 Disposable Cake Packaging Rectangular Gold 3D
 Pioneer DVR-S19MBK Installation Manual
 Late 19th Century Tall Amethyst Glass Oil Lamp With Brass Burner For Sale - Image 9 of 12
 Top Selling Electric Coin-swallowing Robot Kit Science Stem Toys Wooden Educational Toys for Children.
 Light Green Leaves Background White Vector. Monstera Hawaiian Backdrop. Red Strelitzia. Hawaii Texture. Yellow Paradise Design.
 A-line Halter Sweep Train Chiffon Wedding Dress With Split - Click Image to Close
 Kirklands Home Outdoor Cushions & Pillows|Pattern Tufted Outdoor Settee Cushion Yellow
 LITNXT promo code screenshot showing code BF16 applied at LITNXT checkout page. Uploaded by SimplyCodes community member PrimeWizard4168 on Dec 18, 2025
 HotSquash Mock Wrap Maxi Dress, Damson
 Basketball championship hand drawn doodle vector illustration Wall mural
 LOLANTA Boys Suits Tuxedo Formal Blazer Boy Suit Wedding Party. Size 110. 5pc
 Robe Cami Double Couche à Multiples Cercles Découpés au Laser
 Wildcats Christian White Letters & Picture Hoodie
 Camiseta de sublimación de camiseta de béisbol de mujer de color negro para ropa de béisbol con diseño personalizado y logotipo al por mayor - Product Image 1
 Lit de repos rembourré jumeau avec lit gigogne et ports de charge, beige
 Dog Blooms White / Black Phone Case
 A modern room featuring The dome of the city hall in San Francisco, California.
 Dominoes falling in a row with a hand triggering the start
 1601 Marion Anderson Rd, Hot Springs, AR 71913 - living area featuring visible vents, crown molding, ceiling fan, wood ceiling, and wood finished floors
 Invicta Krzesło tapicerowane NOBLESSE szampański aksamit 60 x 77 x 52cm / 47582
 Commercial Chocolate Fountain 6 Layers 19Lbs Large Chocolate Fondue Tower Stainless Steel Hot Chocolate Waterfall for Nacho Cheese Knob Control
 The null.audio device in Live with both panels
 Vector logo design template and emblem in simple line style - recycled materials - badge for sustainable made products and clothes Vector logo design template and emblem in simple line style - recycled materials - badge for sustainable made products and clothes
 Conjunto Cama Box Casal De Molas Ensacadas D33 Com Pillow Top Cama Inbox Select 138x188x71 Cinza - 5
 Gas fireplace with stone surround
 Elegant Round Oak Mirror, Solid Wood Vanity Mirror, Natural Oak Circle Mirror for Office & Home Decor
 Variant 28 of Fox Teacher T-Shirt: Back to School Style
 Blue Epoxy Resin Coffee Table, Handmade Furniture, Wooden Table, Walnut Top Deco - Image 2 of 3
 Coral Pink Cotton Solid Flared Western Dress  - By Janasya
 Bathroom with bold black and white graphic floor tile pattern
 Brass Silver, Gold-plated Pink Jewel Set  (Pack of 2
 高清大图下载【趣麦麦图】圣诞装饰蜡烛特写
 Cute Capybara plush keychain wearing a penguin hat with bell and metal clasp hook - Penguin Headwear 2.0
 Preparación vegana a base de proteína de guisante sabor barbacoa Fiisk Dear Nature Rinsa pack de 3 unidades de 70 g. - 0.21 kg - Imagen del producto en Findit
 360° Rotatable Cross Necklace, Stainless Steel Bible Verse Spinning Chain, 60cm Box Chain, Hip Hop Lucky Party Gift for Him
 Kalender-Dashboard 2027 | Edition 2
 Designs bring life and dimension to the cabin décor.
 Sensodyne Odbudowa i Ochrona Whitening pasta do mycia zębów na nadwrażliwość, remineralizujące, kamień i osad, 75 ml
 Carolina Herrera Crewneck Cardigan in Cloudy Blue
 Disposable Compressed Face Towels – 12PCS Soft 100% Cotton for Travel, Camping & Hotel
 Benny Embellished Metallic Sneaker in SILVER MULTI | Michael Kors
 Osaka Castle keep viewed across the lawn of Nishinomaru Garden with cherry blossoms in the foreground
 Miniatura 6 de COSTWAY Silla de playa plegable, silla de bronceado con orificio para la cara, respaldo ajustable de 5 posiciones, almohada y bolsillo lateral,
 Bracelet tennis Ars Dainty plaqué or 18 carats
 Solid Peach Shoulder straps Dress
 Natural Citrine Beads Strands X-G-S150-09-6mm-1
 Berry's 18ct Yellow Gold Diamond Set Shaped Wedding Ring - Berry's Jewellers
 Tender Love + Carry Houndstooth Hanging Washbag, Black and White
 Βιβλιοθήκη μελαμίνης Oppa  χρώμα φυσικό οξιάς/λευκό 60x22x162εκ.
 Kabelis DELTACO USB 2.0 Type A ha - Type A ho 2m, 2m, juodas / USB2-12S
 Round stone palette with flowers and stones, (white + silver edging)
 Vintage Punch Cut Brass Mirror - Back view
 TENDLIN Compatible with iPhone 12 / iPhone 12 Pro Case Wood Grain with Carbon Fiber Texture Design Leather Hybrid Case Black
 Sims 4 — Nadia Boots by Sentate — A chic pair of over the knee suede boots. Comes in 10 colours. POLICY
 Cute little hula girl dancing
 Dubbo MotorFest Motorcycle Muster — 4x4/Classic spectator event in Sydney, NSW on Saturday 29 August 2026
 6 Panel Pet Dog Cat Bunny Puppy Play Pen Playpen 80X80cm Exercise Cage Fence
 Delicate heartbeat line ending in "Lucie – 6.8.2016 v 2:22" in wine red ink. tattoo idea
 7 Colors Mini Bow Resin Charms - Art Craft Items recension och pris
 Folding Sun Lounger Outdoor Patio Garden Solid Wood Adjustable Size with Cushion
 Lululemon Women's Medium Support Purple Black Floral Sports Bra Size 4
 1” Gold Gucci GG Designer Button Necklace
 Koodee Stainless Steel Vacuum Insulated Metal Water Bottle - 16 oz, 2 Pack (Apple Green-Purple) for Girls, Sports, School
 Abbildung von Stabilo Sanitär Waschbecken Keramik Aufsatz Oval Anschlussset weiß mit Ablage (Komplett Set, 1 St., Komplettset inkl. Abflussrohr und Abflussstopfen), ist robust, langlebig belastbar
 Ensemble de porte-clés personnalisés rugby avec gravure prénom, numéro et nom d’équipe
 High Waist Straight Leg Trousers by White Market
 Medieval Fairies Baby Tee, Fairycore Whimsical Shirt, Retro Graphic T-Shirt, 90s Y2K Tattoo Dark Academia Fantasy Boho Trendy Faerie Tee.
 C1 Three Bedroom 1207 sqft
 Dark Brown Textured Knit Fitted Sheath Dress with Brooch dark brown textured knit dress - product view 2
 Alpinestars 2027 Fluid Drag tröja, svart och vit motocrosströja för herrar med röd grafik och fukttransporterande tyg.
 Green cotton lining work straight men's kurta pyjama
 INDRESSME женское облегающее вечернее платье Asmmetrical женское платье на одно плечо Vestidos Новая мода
++++++
Print again the lines of the entries above that fall between the line holding "6 Panel Pet" and the line holding "Green cotton lining", inclusive, exactly as they stand.

 6 Panel Pet Dog Cat Bunny Puppy Play Pen Playpen 80X80cm Exercise Cage Fence
 Delicate heartbeat line ending in "Lucie – 6.8.2016 v 2:22" in wine red ink. tattoo idea
 7 Colors Mini Bow Resin Charms - Art Craft Items recension och pris
 Folding Sun Lounger Outdoor Patio Garden Solid Wood Adjustable Size with Cushion
 Lululemon Women's Medium Support Purple Black Floral Sports Bra Size 4
 1” Gold Gucci GG Designer Button Necklace
 Koodee Stainless Steel Vacuum Insulated Metal Water Bottle - 16 oz, 2 Pack (Apple Green-Purple) for Girls, Sports, School
 Abbildung von Stabilo Sanitär Waschbecken Keramik Aufsatz Oval Anschlussset weiß mit Ablage (Komplett Set, 1 St., Komplettset inkl. Abflussrohr und Abflussstopfen), ist robust, langlebig belastbar
 Ensemble de porte-clés personnalisés rugby avec gravure prénom, numéro et nom d’équipe
 High Waist Straight Leg Trousers by White Market
 Medieval Fairies Baby Tee, Fairycore Whimsical Shirt, Retro Graphic T-Shirt, 90s Y2K Tattoo Dark Academia Fantasy Boho Trendy Faerie Tee.
 C1 Three Bedroom 1207 sqft
 Dark Brown Textured Knit Fitted Sheath Dress with Brooch dark brown textured knit dress - product view 2
 Alpinestars 2027 Fluid Drag tröja, svart och vit motocrosströja för herrar med röd grafik och fukttransporterande tyg.
 Green cotton lining work straight men's kurta pyjama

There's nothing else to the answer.